By Nikki Weingartner     Dec 4, 2008 in Food
Sweden has a host of holiday food traditions, including reindeer meat. IKEA, the Swedish based furniture icon, is now under fire by a group of British vegans for taking those traditions to market.
It is Christmas in Sweden and that means a long line of celebratory traditions such as the upcoming Saint Lucia ceremony involving the daughters in the family and a crown of candles all in remembrance of Lucia who was a Christian virgin martyred for her beliefs. Along with the spiritual aspects of the holiday season, food in Sweden takes its roots from the local terrain and items like pigs feet and dried codfish are among the buffet items found. IKEA, Sweden's famed furniture store turned worldly has been a huge part in taking those traditions to other countries as well. But recently, one country, or at least its activists aren't so happy with the spreading of the holiday cheer Swede style.

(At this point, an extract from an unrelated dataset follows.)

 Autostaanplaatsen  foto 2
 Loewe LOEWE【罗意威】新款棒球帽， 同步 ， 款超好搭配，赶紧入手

A group called Viva! is taking to arms against a Scandinavian tradition of reindeer meat by protesting IKEA's sale of reindeer salami. According to The Independent:
Ikea has been accused of condoning cruelty to animals by selling salami made from Santa's four-legged sleigh-pullers, reindeer.
The vegan group has numerous campaigns against the products sitting on typical grocery shelves such as chicken, dairy, pork like bacon, chops and sausage, as well as more holiday traditional fare such as duck. Their mission?
Stop eating meat and fish today - and, give up dairy products. Any step you take is important, and you can immediately begin to remove yourself from the cycle of exploitation and destruction.
The cud chewing group will not be celebrating IKEA's reindeer sausage because the group claims that the Swedish reindeer are killed before they ever get to see snow and that that the modern methods of herding them are mentally distressing based upon a Swedish university paper:
Claes Rehbinder and Jann Hau, of the Department of Neuroscience, wrote: "The increasing stress associated with herding, corralling, and physical restraint of less and less tame animals results in lesions and elevated blood cortisol concentrations."
The Bristol, UK based organization is "calling on the company to withdraw sales of the meat, due to the cruel exploitation these wild animals suffer at the hands of hunters," calling such an action an "example of goodwill" towards an industry that supports animal cruelty. Their endeavors have been successful with "exotic meats" such as kangaroo.
IKEA, who has 17 stores in the UK, has denied the allegations and states that works at meeting "animal welfare standards" and that suppliers are held to the same standards of transport under Swedish law as with domestic animals. They also explained in a statement that modern equipment was necessary due to the large area for herding the animals and to keep them safe from predators.
As for the inflammatory per cent that Viva! made regarding the herding of calves, the IKEA statement explained that it was a "national average" that was not specific to the furniture store.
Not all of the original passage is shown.